Dass die AfD als größte Oppositionspartei in dieser entscheidenden Frage intern derart zerstritten ist, dürfte ihren politischen Gegnern in die Hände spielen. Während CDU und SPD in der Großen Koalition milliardenschwere Aufrüstungsprogramme beschließen – finanziert wohlgemerkt durch neue Schulden, die kommende Generationen belasten werden –, streitet die Alternative für Deutschland darüber, ob man eher gen Westen oder gen Osten blicken sollte.
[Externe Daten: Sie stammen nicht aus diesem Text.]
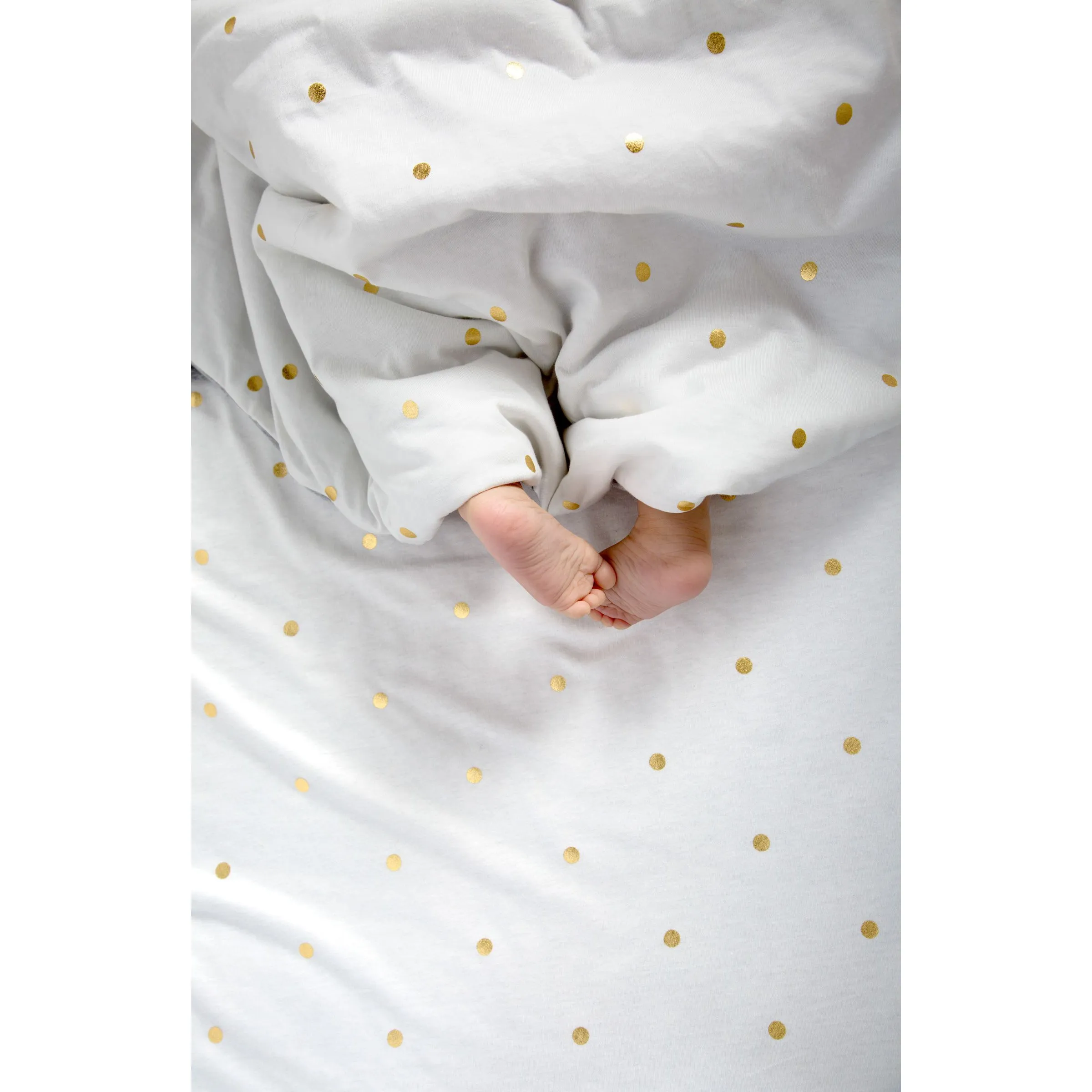 Childhome Blanket Jersey Gold Dots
Ein Dilemma ohne einfache Lösung

Die Wahrheit ist: Deutschland braucht eine eigenständige Verteidigungspolitik, die weder in blinder Gefolgschaft gegenüber Washington noch in naiver Sympathie gegenüber Moskau aufgeht. Deutsche Interessen müssen an erster Stelle stehen – ein Grundsatz, den eigentlich alle Seiten innerhalb der AfD unterschreiben dürften, über dessen konkrete Ausgestaltung man sich jedoch offensichtlich nicht einigen kann.
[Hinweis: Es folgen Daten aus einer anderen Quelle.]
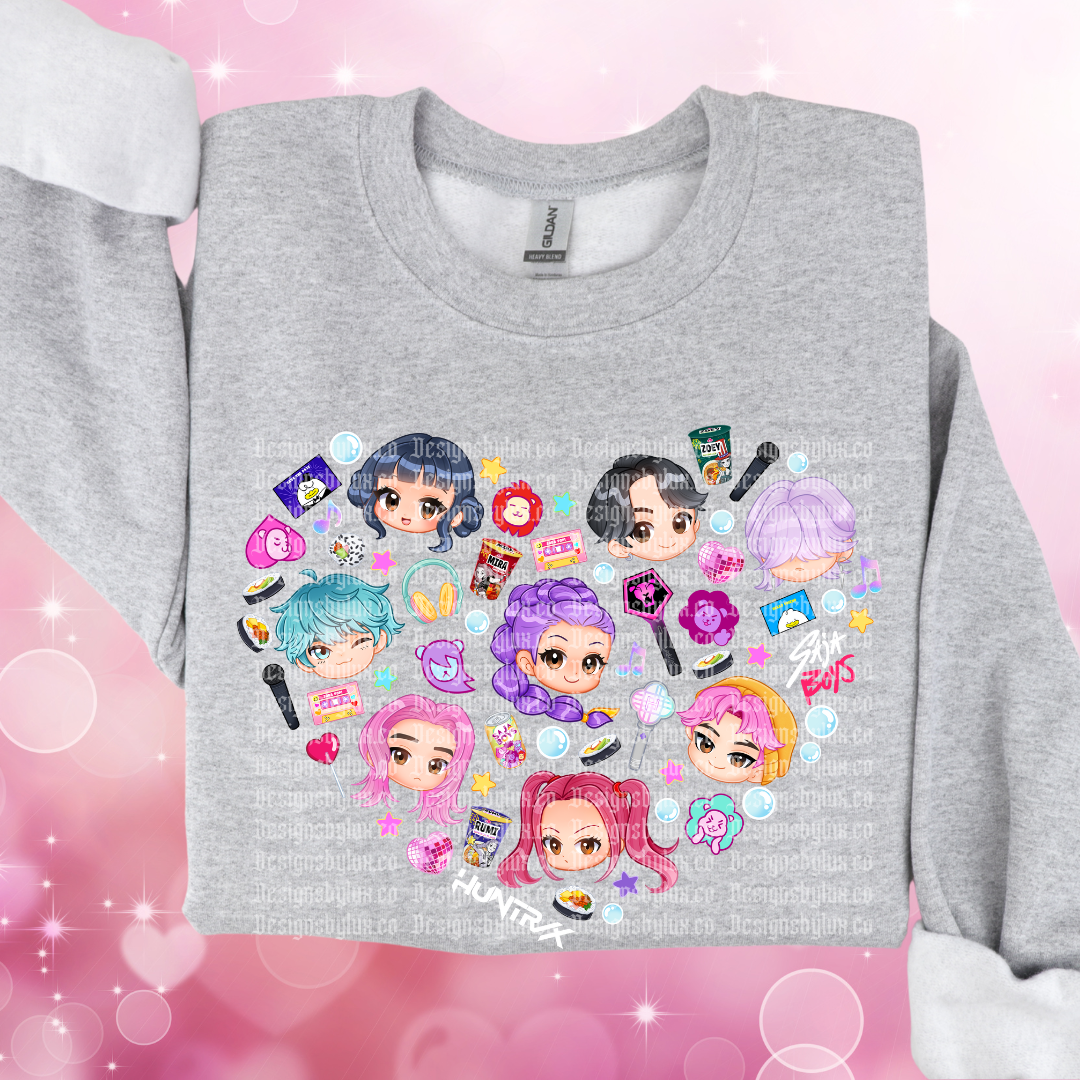 KPOP Baby Girls Heart DTF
Lucassen selbst hat angekündigt, weiterhin Teil der AfD und der Bundestagsfraktion bleiben zu wollen. Ob das auf Dauer funktioniert, nachdem die inhaltlichen Gräben so offen zutage getreten sind, bleibt abzuwarten. Die Partei steht vor der Herausforderung, ihre internen Flügelkämpfe zu befrieden, ohne dabei an Profil zu verlieren. Denn eines ist klar: Eine Oppositionspartei, die sich selbst zerfleischt, kann die Regierung nicht wirksam kontrollieren – und genau das wäre in Zeiten schuldenfinanzierter Aufrüstungspakete und einer zunehmend fragilen Sicherheitslage in Europa bitter nötig.

Die Wahl Jan Noltes mag einstimmig gewesen sein. Die Einigkeit, die dieses Ergebnis suggeriert, dürfte jedoch trügerisch sein. Der eigentliche Kampf um die außenpolitische Seele der AfD hat gerade erst begonnen.